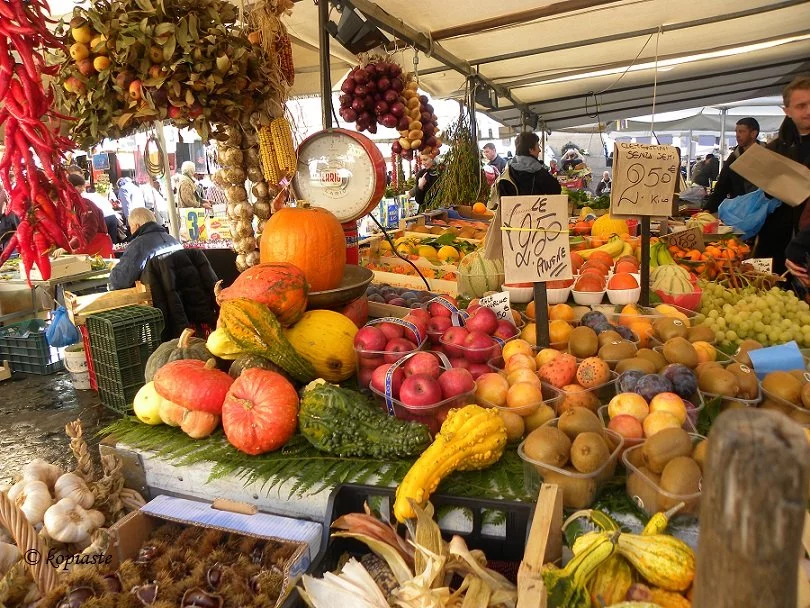 Farmers market image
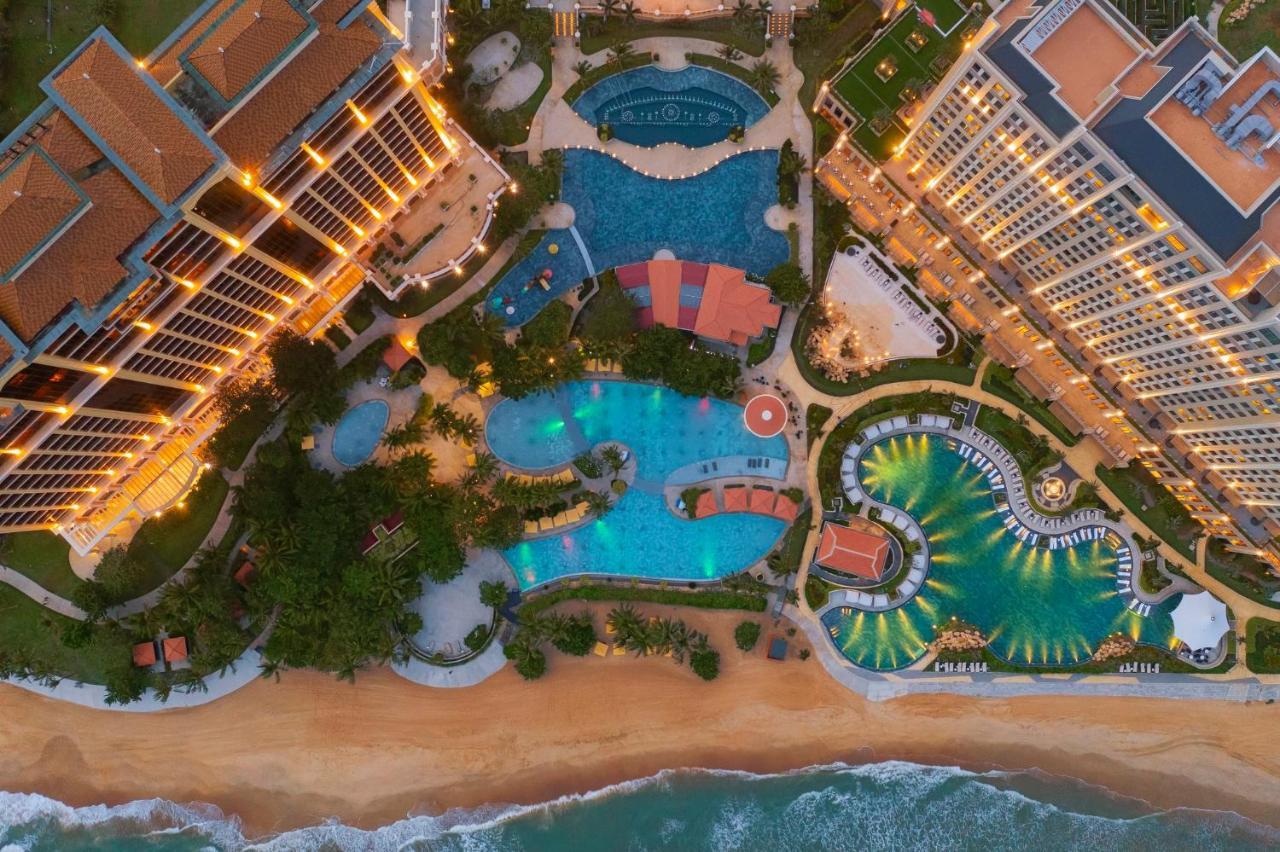 Holiday Inn Resort Ho Tram Beach By Ihg Exteriör bild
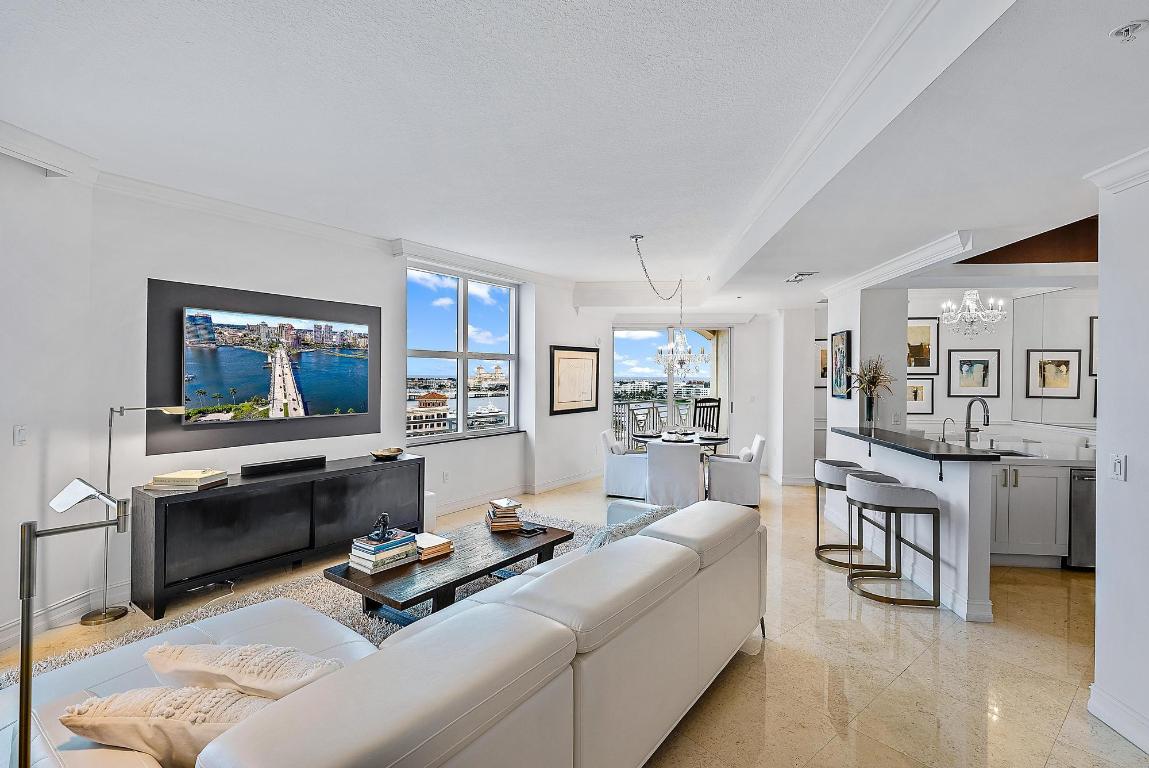 201 S Narcissus Avenue 1005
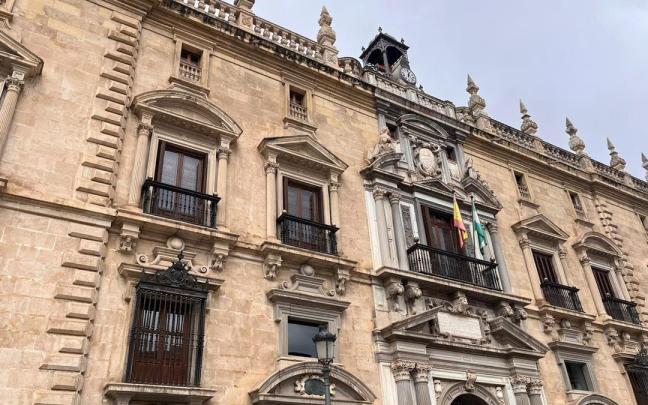 Fachada de la sede del TSJA en Granada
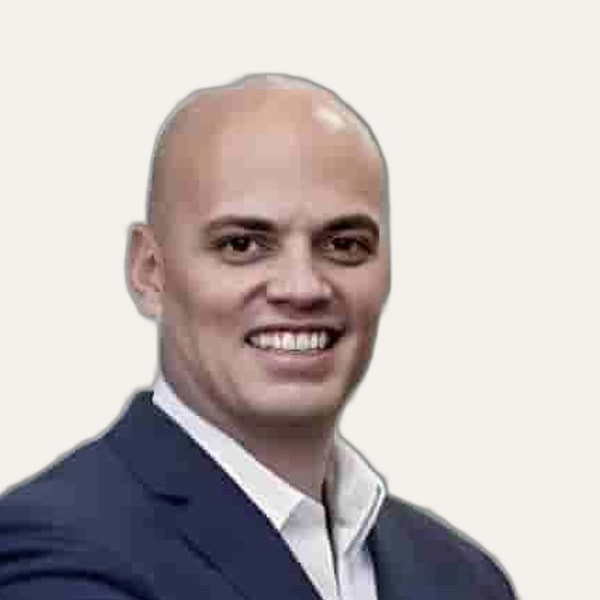Dr. Marco Tulio Marroquín, deep plane facelift surgeon in Zapopan, Mexico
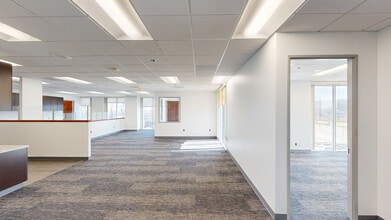 2375 Northside Dr, San Diego, CA à louer Photo intérieure– Image 2 sur 6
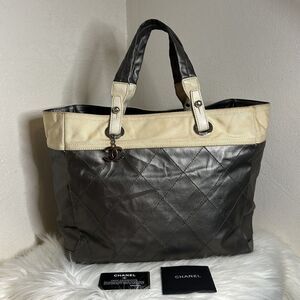 💯Authentic Chanel Tote Bag- Large Size 🍀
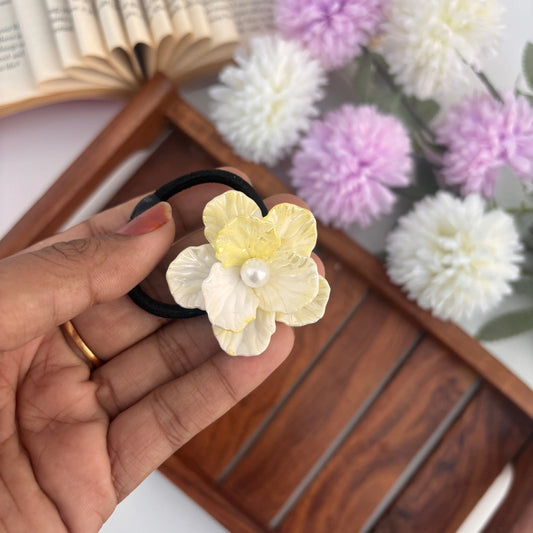 Sunny Pearl Flower Hair Tie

• • •

◆ **TRY IT**
Pictures are to be left out when the lines from the one containing "201 S Narcissus Avenue 1005" through the end of the records above are repeated exactly; no other line is wanted.

◆ **REPLY**
 201 S Narcissus Avenue 1005
 Fachada de la sede del TSJA en Granada
Dr. Marco Tulio Marroquín, deep plane facelift surgeon in Zapopan, Mexico
 2375 Northside Dr, San Diego, CA à louer Photo intérieure– Image 2 sur 6
 💯Authentic Chanel Tote Bag- Large Size 🍀
 Sunny Pearl Flower Hair Tie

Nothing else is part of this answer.